Armer Sohn, armer Enkel

Armer Sohn, armer Enkel

Hier rasten wir heute.
(Screenshot von www.hohfirst.ch)

So, heute wird wieder einmal gewandert. Nicht ganz regulär zwar, aber es wird gewandert. Auf Einladung der Gutenberg-Buchhandlung in Gossau, Kanton St. Gallen, ziehe ich mit einer Gruppe Leute durch das grüne Högerland nördlich des Ortes.
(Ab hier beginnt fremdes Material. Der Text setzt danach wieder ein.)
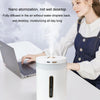 1L Home Humidifier Large Capacity Desk Aroma Mute Ambient Light Humidifier Charging Model(Green)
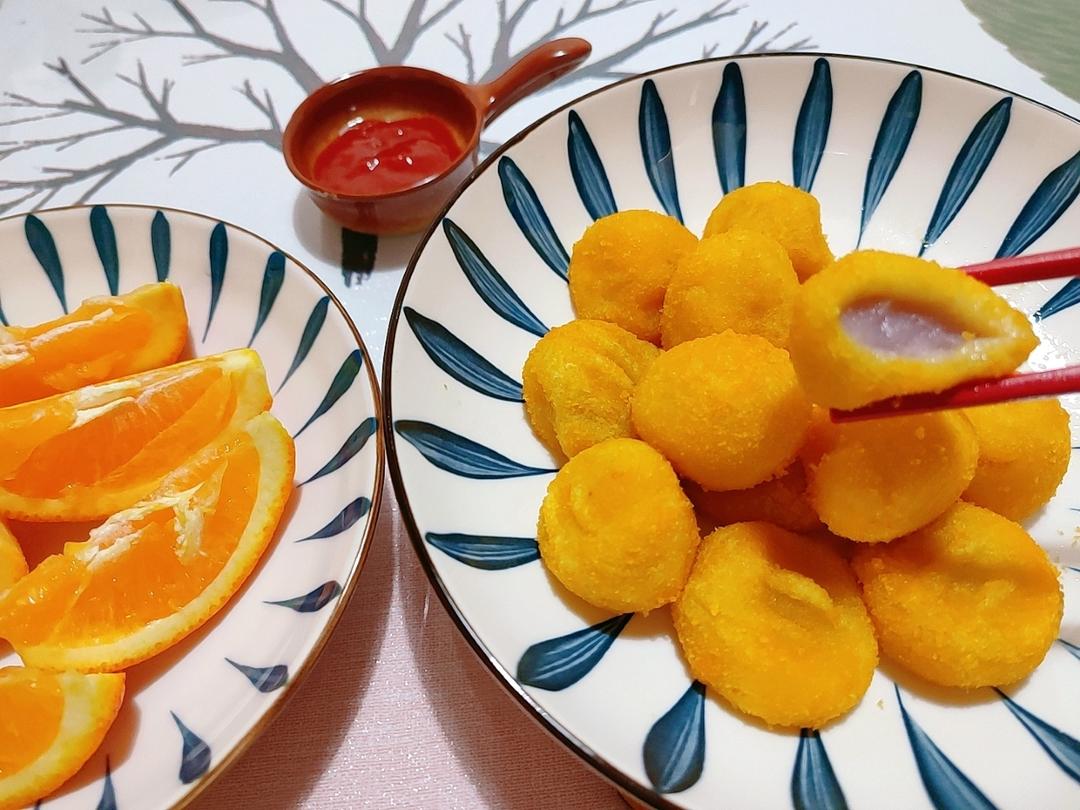 空气炸锅炸香芋地瓜丸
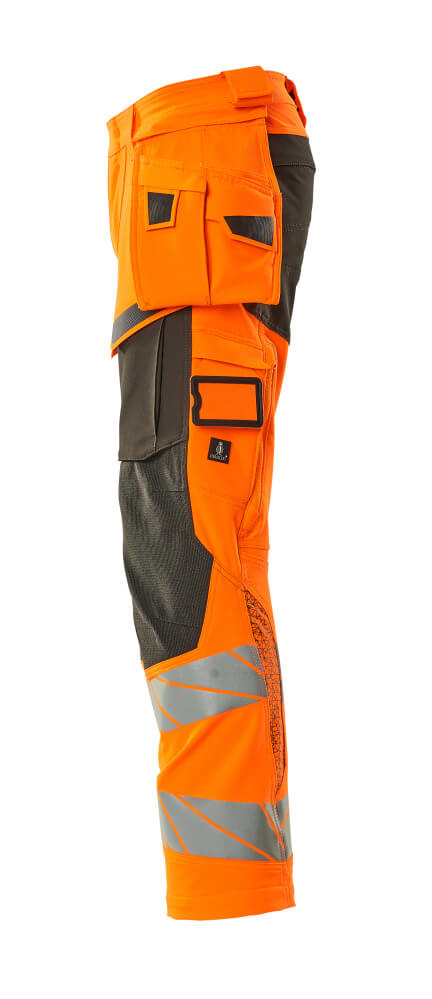 MASCOT ACCELERATE SAFE Trousers with holster pockets 19031 Hi-vis Orange/dark Anthracite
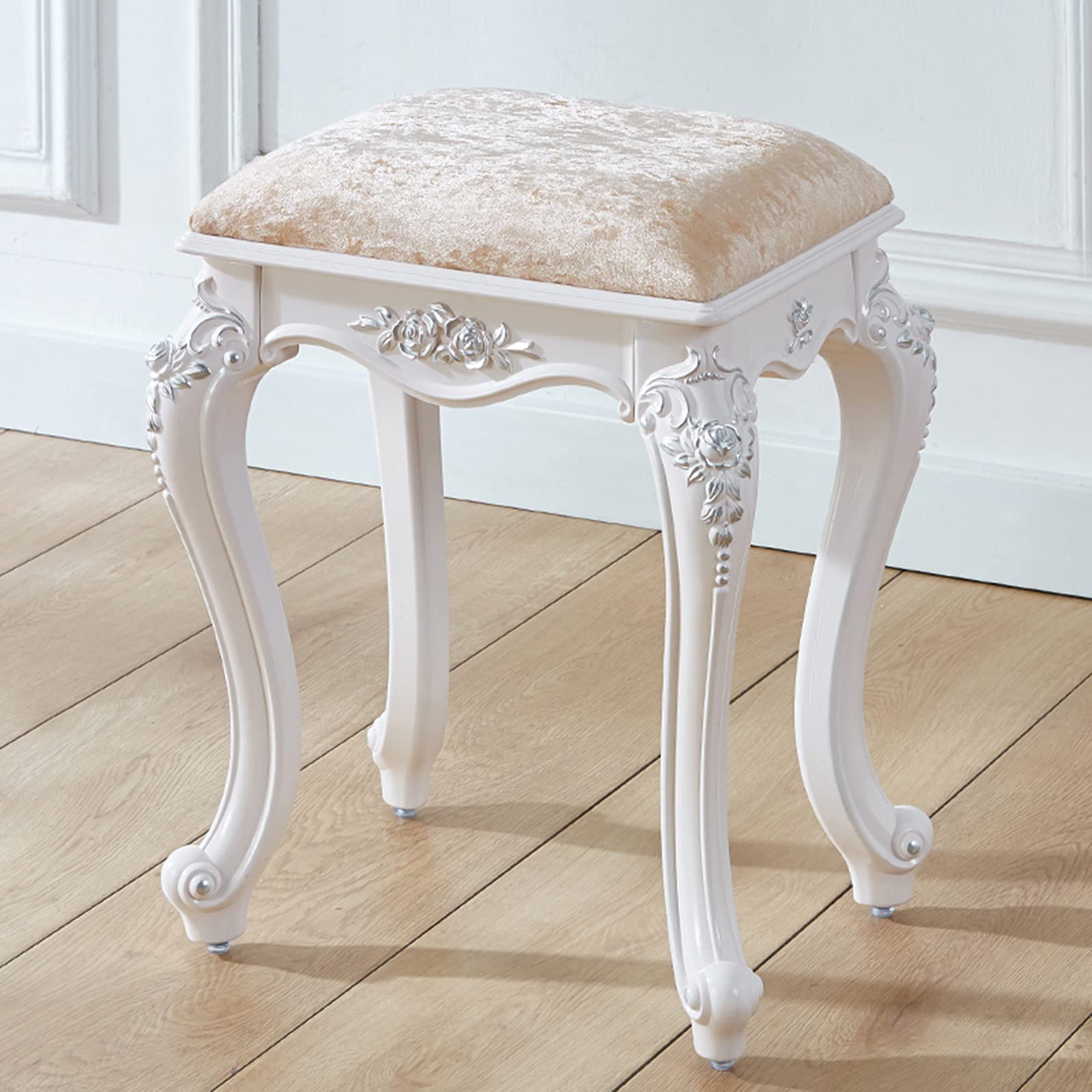 Pouf de maquillage confortable et chic pour votre dressing ou chambre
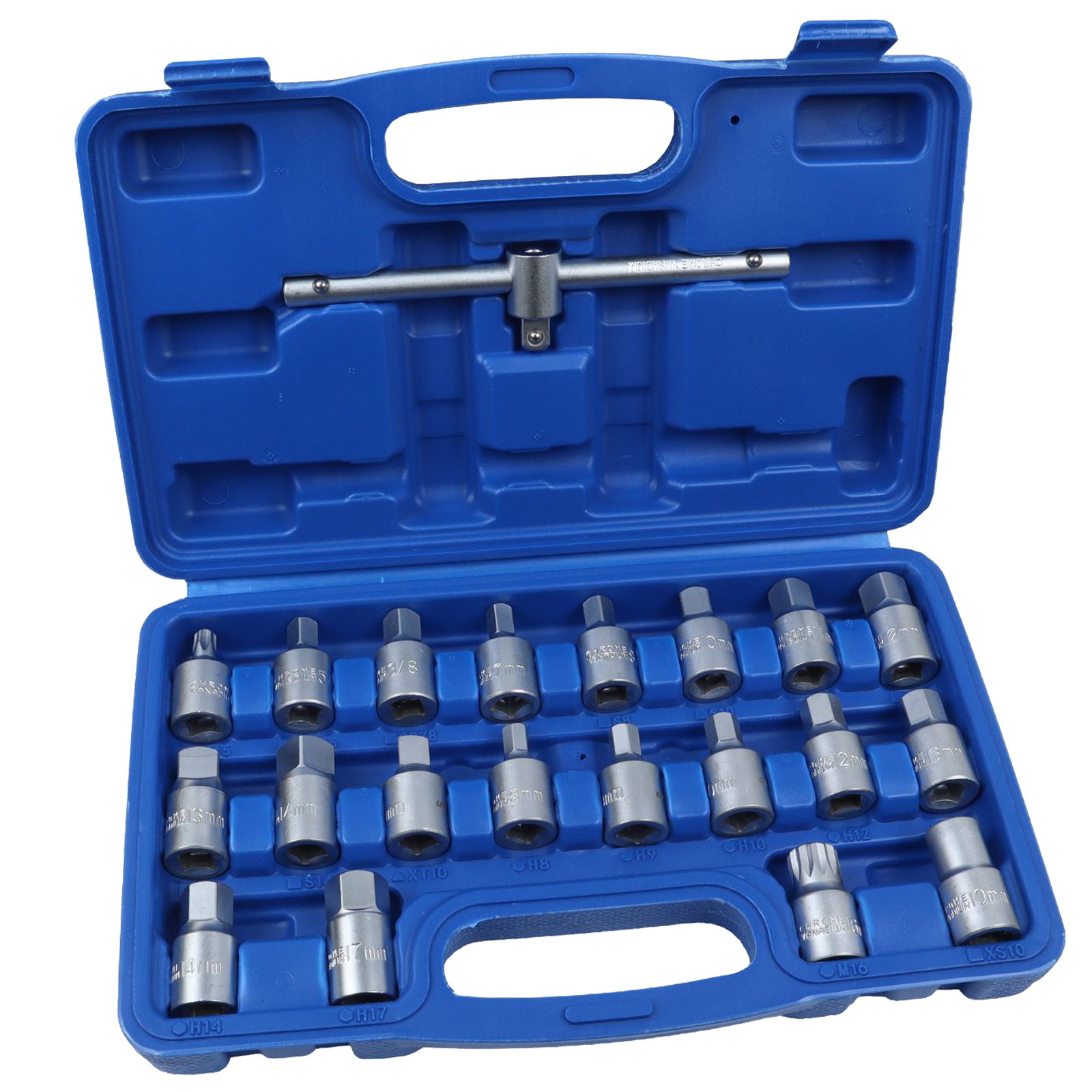 NEILSEN 16L OIL DRAIN PAN & US PRO 21PCS MASTER DRAIN PLUG KEY SET & US PRO 4PCS SWIVEL OIL FILTER STRAPS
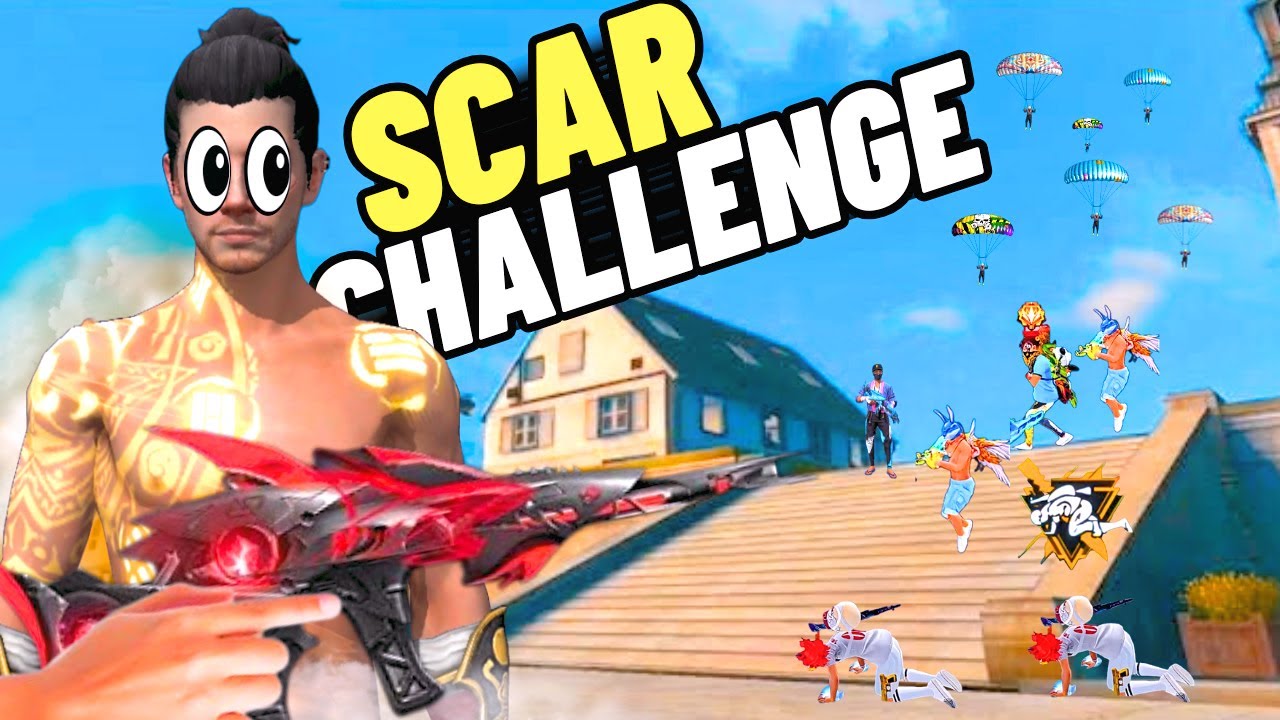 Free Fire Scar Challenge 🔥Only Play With Scar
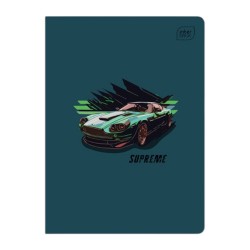 Zeszyt A5 16 kartek w kolorową trzylinię Interdruk Speed UV AUTA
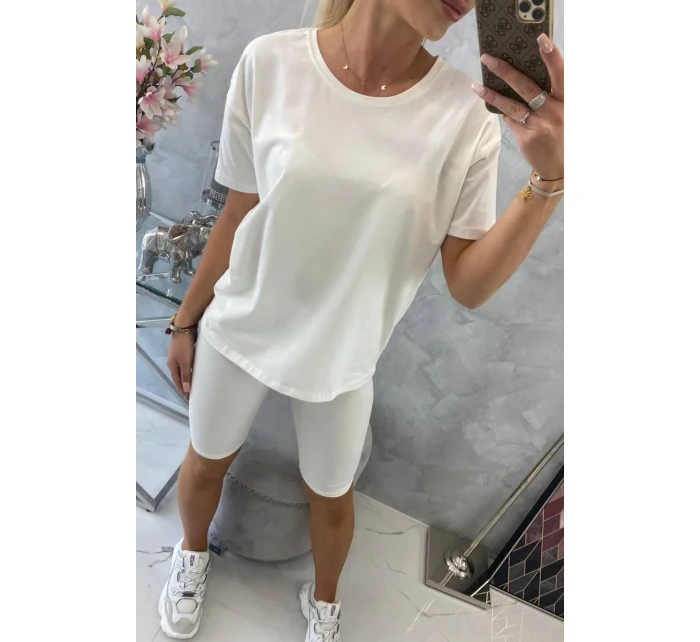 Súprava top+legíny ecru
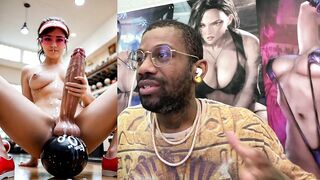 Watch this stunning Asian beauty take a huge load in her mouth after being sprayed with cum by a bowling ball - 1 image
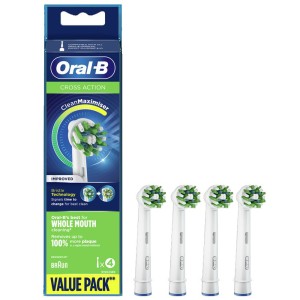 Oral-B Ανταλλακτικές Κεφαλές Cross Action Improved, 4τμχ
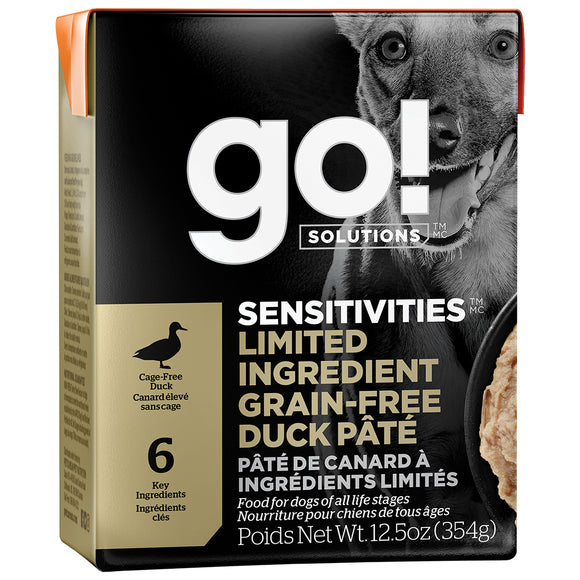 GO! Sensitivities LID GF Duck Pate 12/12.5OZ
An einigen Stellen wird innegehalten, dort lese ich jeweils einen Text vor. Ich freue mich, rund 20 Leute sind angemeldet, darunter auch Bekannte und Freunde. Im Restaurant Hohfirst in Waldkirch machen wir Pause, essen und trinken etwas. Einer der Teilnehmer, ein Mann mit historischem Flair, hat witzigerweise eine alte Urkunde ausgegraben, die den Ort der Rast betrifft; sie ist mir über den Buchhändler zugegangen. Am 12. November 818 ist Hohfirst das erste Mal erwähnt. Ein gewisser Anno überträgt damals dem Kloster St. Gallen seinen dortigen Besitz. Anno betont, dass sich im Fall seines Todes auch sein Sohn Anno und sein Enkel Criffo und der Rest der Verwandtschaft an die Überschreibung zu halten hätten. Verfasst hat das Dokument auf Pergament ein Diakon namens Bernwig, neun freie und anwesende Alemannen firmieren als Zeugen. Armer Sohn, armer Enkel, ihnen wird nichts übriggeblieben sein, als sich in die Regelung zu fügen.